BookmarkSubscribeRSS Feed
🔒 This topic is solved and locked. Need further help from the community? Please sign in and ask a new question.
sbennet
Calcite | Level 5

Hello,

I am trying to figure out a way to determine what rows of data are duplicates of each other.  It is easiest to explain my problem through an example.

I have a dataset as follows:

Edge     To     From     Flow     Exposure

1          1          2          10          10

2          2          1          5            10

3          3          4          5             5

4          4          3          5             5

5          5          6          10          10

6          6          5          5             5

The edge value is a unique identifier for each data row.

I am trying to match the data based on the "to" and "from" column where in the case of this sample data set the matching pairs (by "edge" id) are as follows

1,2

3,4

5,6

The "to" and "from" values between edge 1 and 2 are a reciprocal of each other.

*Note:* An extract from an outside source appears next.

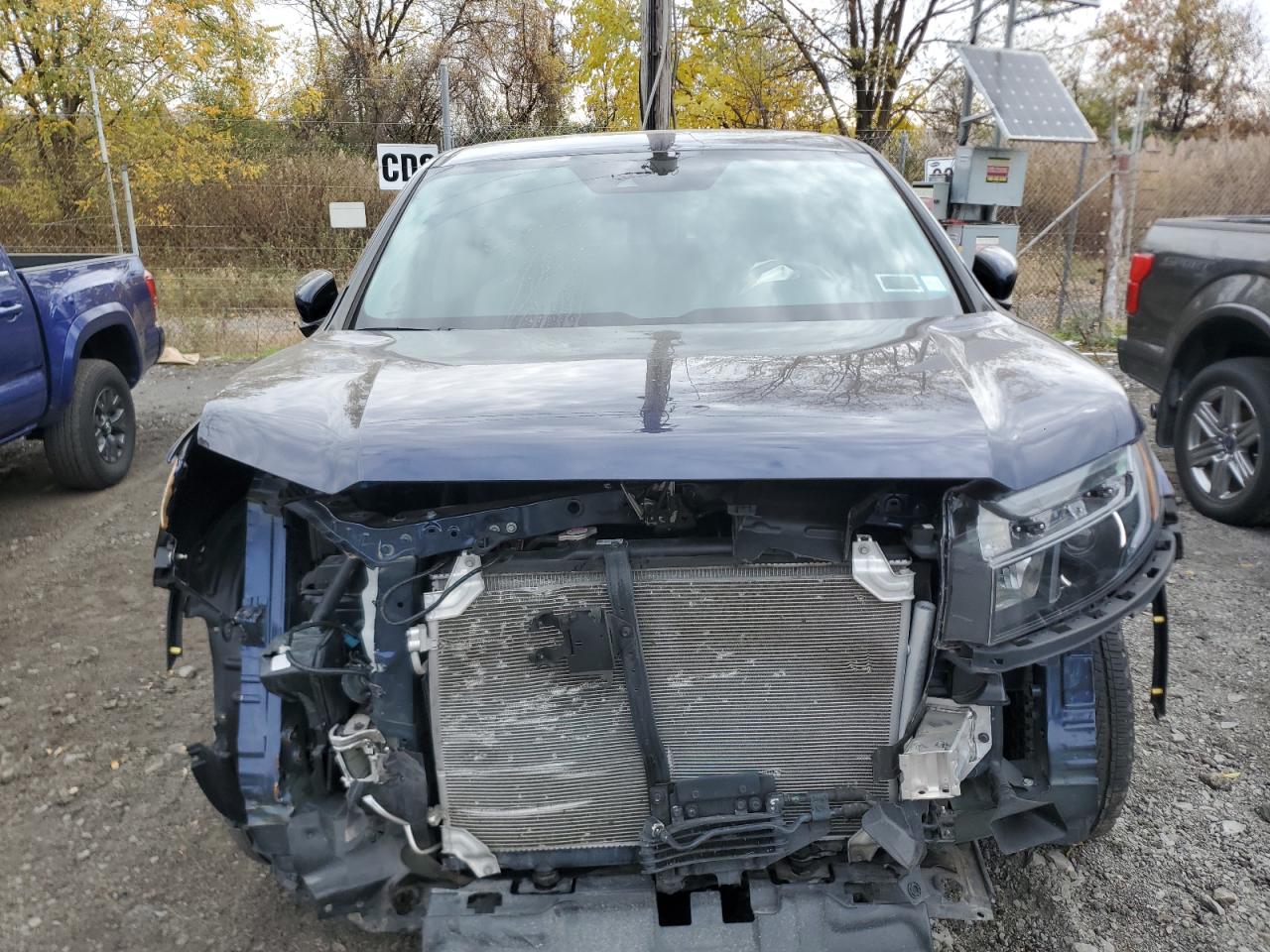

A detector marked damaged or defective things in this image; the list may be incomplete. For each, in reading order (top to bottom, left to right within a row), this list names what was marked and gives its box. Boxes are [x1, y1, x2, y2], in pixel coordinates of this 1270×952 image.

damaged pickup truck [153, 130, 1173, 949]
exposed headlight [945, 444, 1163, 645]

I want to figure out what edges are matches for each other and also sum up the flow and exposure value for the matching edges.

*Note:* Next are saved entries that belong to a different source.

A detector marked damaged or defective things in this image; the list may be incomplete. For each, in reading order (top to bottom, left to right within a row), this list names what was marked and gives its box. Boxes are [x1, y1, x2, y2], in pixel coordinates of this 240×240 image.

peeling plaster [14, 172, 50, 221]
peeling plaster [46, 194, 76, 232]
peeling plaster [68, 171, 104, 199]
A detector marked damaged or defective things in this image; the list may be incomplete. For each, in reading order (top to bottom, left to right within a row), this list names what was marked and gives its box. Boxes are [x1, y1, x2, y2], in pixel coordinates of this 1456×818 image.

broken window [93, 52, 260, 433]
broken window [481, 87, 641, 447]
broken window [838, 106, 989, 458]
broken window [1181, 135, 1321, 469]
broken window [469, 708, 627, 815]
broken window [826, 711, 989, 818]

What I would like to do is end up with a table as follows

Edge     To     From     Flow     Exposure      match      flow_sum     exposure_sum

1          1          2          10          10               1               15               20

2          2          1          5            10               1               15               20

3          3          4          5             5                2               10               10

4          4          3          5             5                2               10               10

5          5          6          10          10               3                15               15

6          6          5          5             5               3                 15               15

In this case the "match" variable is just identifying what edges are pairs. It doesn't have to be a number, it can be a variable and can start at any value.

Is this possible?

The data set I am working with has about 300,000 rows of data with the majority of them having pairs.

Thank you for the help.

Cheers,

Scott

1 ACCEPTED SOLUTION

Accepted Solutions
PGStats
Opal | Level 21

It can be done this way :

data test;
input Edge To From Flow Exposure;
datalines;
1          1          2          10          10
2          2          1          5            10
3          3          4          5             5
4          4          3          5             5
5          5          6          10          10
6          6          5          5             5
;

proc sql;
create table pairs as
select
     t1.*,
     catx("-",min(t1.Edge,t2.Edge),max(t1.Edge,t2.Edge)) as match length=13,
     t1.flow+t2.flow as flow_sum,
     t1.exposure+t2.exposure as exposure_sum
from test as t1 inner join test as t2 on
     t1.from=t2.to and t1.to=t2.from;
quit;

PG

PG

View solution in original post

12 REPLIES 12
DBailey
Lapis Lazuli | Level 10

data have;

input Edge   vTO     vFrom Flow     Exposure;

cards;

1          1          2          10          10

2          2          1          5            10

3          3          4          5             5

4          4          3          5             5

5          5          6          10          10

6          6          5          5             5

;

run;

proc sort in=have out=have;

by vTO;

run;

data matches(keep=matchkey vto vfrom);

length Matchkey 8.;

set have;

by vTo;

retain tmp . MatchKey .;

if _N_=1 then do;

    tmp=vFrom;

    MatchKey=1;

    end;

if vTo eq tmp then do;

    output;

    MatchKey+1;

    end;

tmp=vFrom;

run;

proc sql;

create table totals as

select

    t2.matchkey,

    t2.vto,

    t2.vfrom,

    sum(flow) as flow_sum,

    sum(exposure) as exposure_sum

from

    have t1

    inner join matches t2

        on (t1.vto = t2.vto and t1.vfrom = t2.vfrom )

            or (t1.vto = t2.vfrom and t1.vfrom = t2.vto)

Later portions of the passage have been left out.